- Paula Meehan, 2009

= Paula Meehan =

Irish poet and playwright

Paula Meehan (born 1955) is an Irish poet and playwright.

==Life==

Paula Meehan was born in Dublin in 1955, the eldest of six children. She subsequently moved to London with her parents where she attended St. Elizabeth's Primary School in Kingston upon Thames. She then returned to Dublin with her family where she attended a number of primary schools finishing her primary education at the Central Model Girls' School off Gardiner Street. She began her secondary education at St. Michael's Holy Faith Convent in Finglas but was expelled for organising a protest march against the regime of the school. She studied for her Intermediate Certificate on her own and then went to Whitehall House Senior College, a vocational school, to study for her Leaving Certificate.

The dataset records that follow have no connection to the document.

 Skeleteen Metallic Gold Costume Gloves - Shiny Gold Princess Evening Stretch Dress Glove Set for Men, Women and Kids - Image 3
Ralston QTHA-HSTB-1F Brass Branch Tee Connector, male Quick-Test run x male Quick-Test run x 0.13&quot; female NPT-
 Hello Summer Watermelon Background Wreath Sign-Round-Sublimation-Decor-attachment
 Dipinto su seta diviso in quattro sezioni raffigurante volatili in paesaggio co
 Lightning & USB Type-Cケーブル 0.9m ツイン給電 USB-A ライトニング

Outside school, she was a member of a dance drama group, became involved in band culture and, around 1970, began to write lyrics. Gradually composing song lyrics would give way to writing poetry.

At Trinity College, Dublin, (1972–1977) she studied English, History and Classical Civilization, taking five years to complete her Bachelor of Arts degree. This included one year off, spent travelling through Europe. While a student she was involved in street theatre and various kinds of performance.

After college she travelled again, spending long stretches in Greece, Germany, Scotland and England. She was offered a teaching fellowship at Eastern Washington University where she studied (1981–1983) with James J. McAuley in a two-year programme which led to a Master of Fine Arts degree in Poetry. Gary Snyder and Carolyn Kizer were among the distinguished visiting writers to have a profound influence on her work and on her thought.

She returned to Dublin in 1983.

==Work==
Meehan has also written poetry for film, for contemporary dance companies and for collaborations with visual artists; her poems have been put to music by songwriters (including Christy Moore) and composers. Her poetry has been extensively published in translation, including substantial collections in French and German.

The 2015 Poetry Competition 'A Poem for Ireland' shortlisted her 1991 poem 'The Statue of the Virgin at Granard Speaks' in the final ten poems. She selected poems for and introduced the Candlestick Press anthology Ten Poems from Ireland in 2017.

Meehan was a judge for the 2020 Griffin Poetry Prize and the 2024 PEN Heaney Prize.

==Recognition==
In September 2013, Meehan was installed as the Ireland Professor of Poetry by President Michael D. Higgins.

In 2023, she was elected an honorary fellow of Trinity College Dublin.